Vede, gentile professore, gli argomenti religiosi da me portati, a sostegno dell’eutanasia, sono in perfetta armonia col concetto di un Dio padre misericordioso; portati da lei contro l’eutanasia, contrastano con questo concetto. Capisce la differenza? E’ contraddittorio concepire un Dio che ama le sue creature, e allo stesso tempo non desideri che una sua creatura soffra qualche giorno, o qualche settimana, o qualche mese, di meno.

Parlare in genere della vita, ed affermare che è un bene prezioso, può avere senso; parlare della vita del mio gentile interlocutore, anche può avere senso; ma parlare ad esempio della vita di un paio di settimane, o di qualche giorno, o di qualche ora, di un neonato portatore di malattia terribile ed incurabile, non ha davvero alcun senso. Anzi: è un non senso. Ce lo ricorda Giovanni Paolo II, nella Evangelium vitae (n.7), quando afferma che la morte è entrata nel mondo, gettando “l’ombra del non senso sull’intera esistenza dell’uomo”. La vita, in certe circostanze, può diventare un non senso. Rimediare a questo “non senso” per amore e solo per amore, non può andare contro la volontà di Dio, semplicemente perché il “non senso” non è voluto da Dio.



www.uaar.it/news/
Rainboy
00mercoledì 3 ottobre 2007 04:18
Io parlo del mio dio, tu del tuo, lui del suo. Andando avanti così non si otterrà niente. Le divinità di cui parlano i don e i professori in civilissimi dibattiti come questi, sono soltanto l'esteriorizzazione del proprio concetto di morale, arricchita di tante belle citazioni sacre che significano tutto e il contrario di tutto.

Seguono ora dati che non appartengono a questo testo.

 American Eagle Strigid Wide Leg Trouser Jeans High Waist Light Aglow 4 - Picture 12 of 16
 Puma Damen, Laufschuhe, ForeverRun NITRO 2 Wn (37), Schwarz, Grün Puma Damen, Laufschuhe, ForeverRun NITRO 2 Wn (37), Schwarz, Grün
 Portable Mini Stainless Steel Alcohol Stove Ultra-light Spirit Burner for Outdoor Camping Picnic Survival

Il segreto è semplicemente dare più valore alla vita in questo mondo che a quella nel prossimo.
Chi conosce le ingiustizie della vita e non è stato educato masochisticamente a GODERNE in prospettiva di una non meglio precisata vita eterna, ha più possibilità di raggiungere un punto di vista illuminato sulla questione. A prescindere dalle sue convinzioni personali.
Chi invece manca di uno di quei due requisiti, spesso manca anche dell'umiltà necessaria a stare zitto in materia. D'altronde, gli sciocchi non sarebbero così sciocchi se sapessero di esserlo...
pcerini
00mercoledì 3 ottobre 2007 10:22
Quoto in pieno il post di Rain.

Poi,se uno non ha prove o certezze matematiche di cosa vi sia dopo la morte,ma chi glielo fa fare ad accettare sofferenze oltre il dovuto?

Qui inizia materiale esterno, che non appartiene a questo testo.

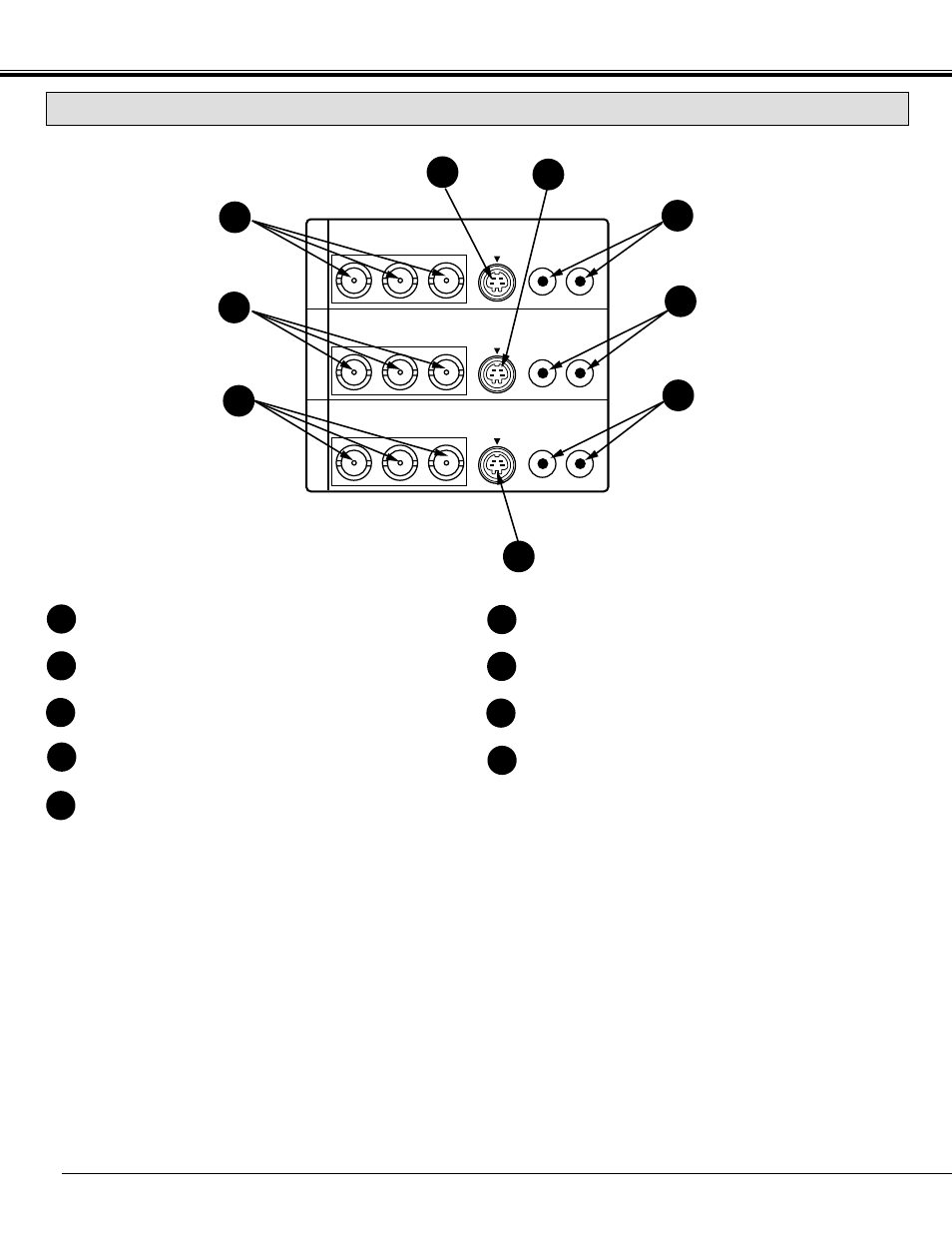 Connecting the projector | Sanyo PLC - 12BL User Manual | Page 12 / 56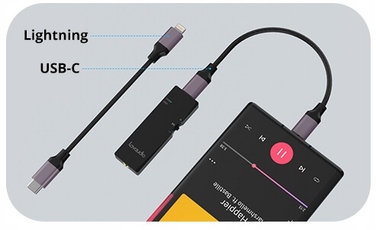 Мобільний підсилювач звуку DS100 USB-C / Lightning
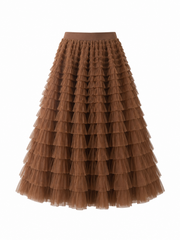 Tulle skirt - Khaki - Sassy Copenhagen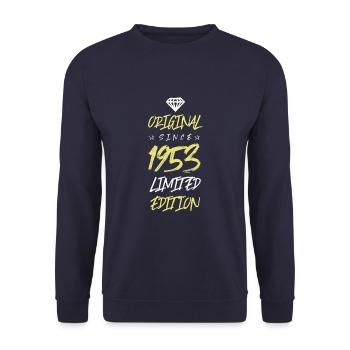 1953 limited edition - Unisex Pullover - Navy - Vorne - Alina (178cm) & Michal (187cm)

Mi pare sensato rifiutare imposizioni di altri che si basano su "ipotesi" e non su certezze matematiche,percio',e' meglio che si decida autonomamente piuttosto che menare per il can per l'aia divina!

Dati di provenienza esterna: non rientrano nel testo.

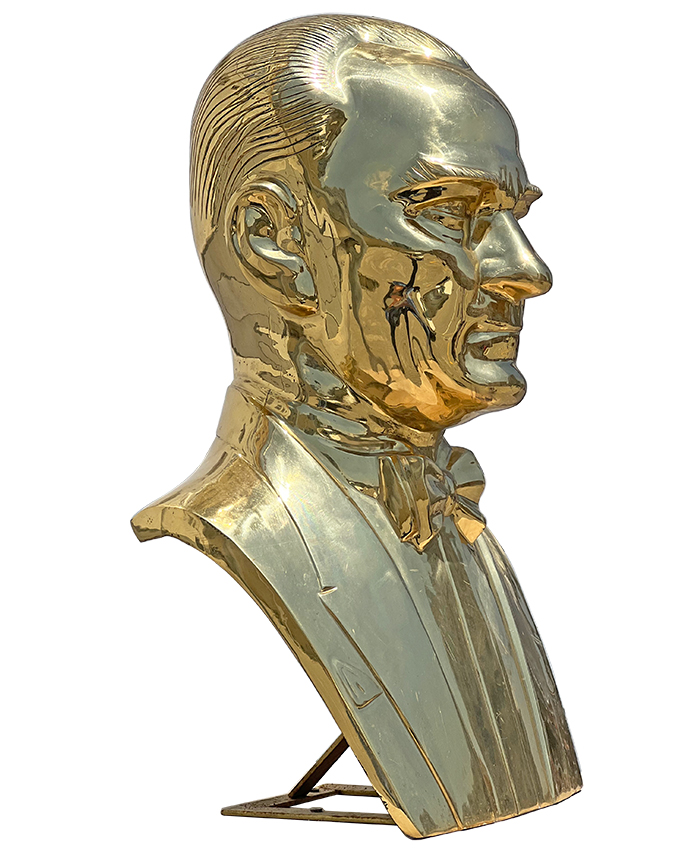 85 cm Pirinç Atatürk Büstü - 85PABKM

Se si insegnassero alle future generazioni di dare piu' valore a questa vita senza peraltro impedire che si abbiano delle proprie convinzioni e senza che si abbia la presunzione di imporle agli altri,sono sicuro che su questo "zozzo monno" le cose migliorerebbero nel giro di pochi decenni.

Le religioni sono proprio un cappio quando esulano dal messaggio diretto al cuore dell'uomo,alla valorizzazione della vita umana e a realizzare il bene umano piuttosto che il suo "dolore"!